Data for review Start Marker

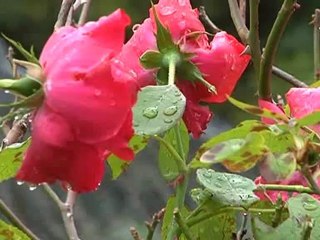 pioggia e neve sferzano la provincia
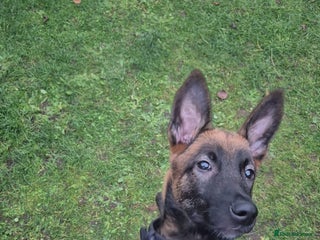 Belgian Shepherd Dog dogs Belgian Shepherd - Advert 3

Data for review End Marker
Data for review Start Marker

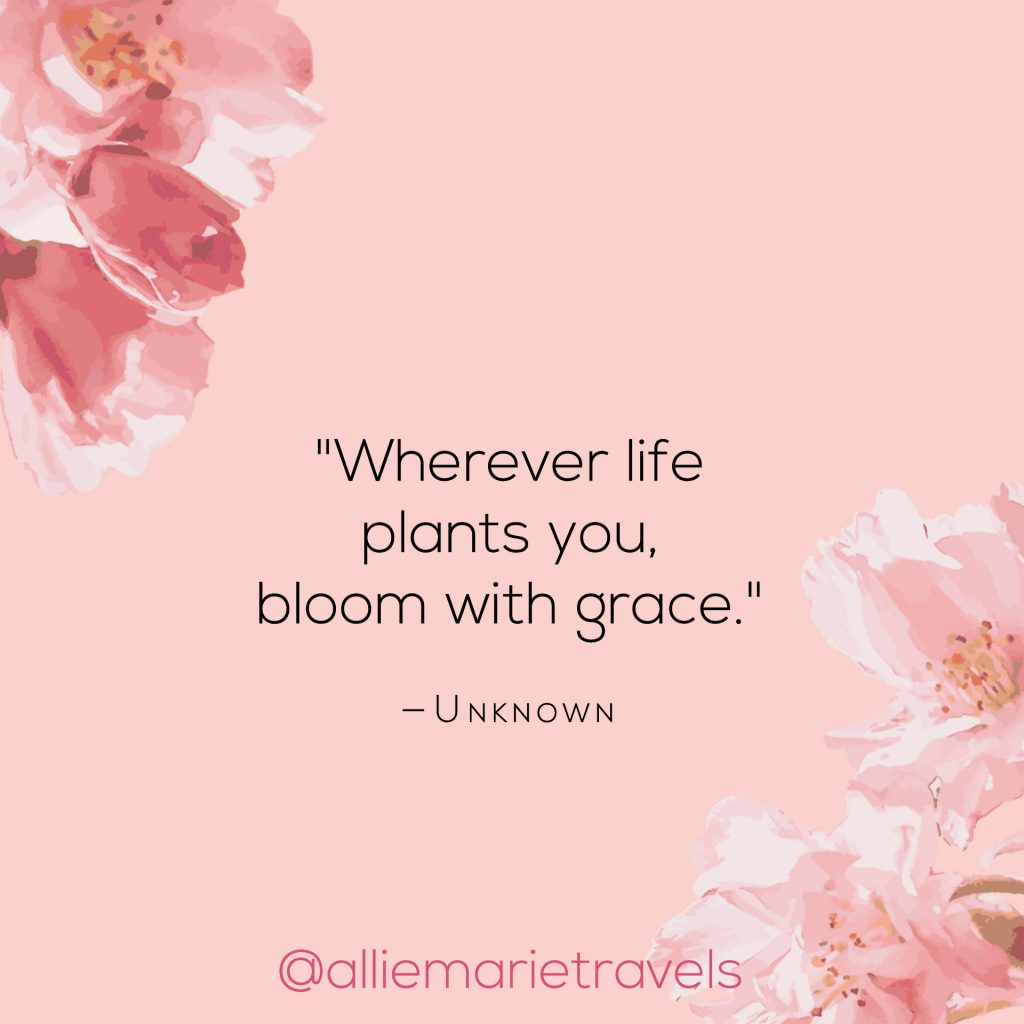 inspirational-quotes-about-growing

Data for review End Marker

Your copy should hold only the lines above from the one containing "pioggia e neve sferzano la provincia" through the one containing "Belgian Shepherd Dog", exactly as written and free of pictures.

 pioggia e neve sferzano la provincia
 Belgian Shepherd Dog dogs Belgian Shepherd - Advert 3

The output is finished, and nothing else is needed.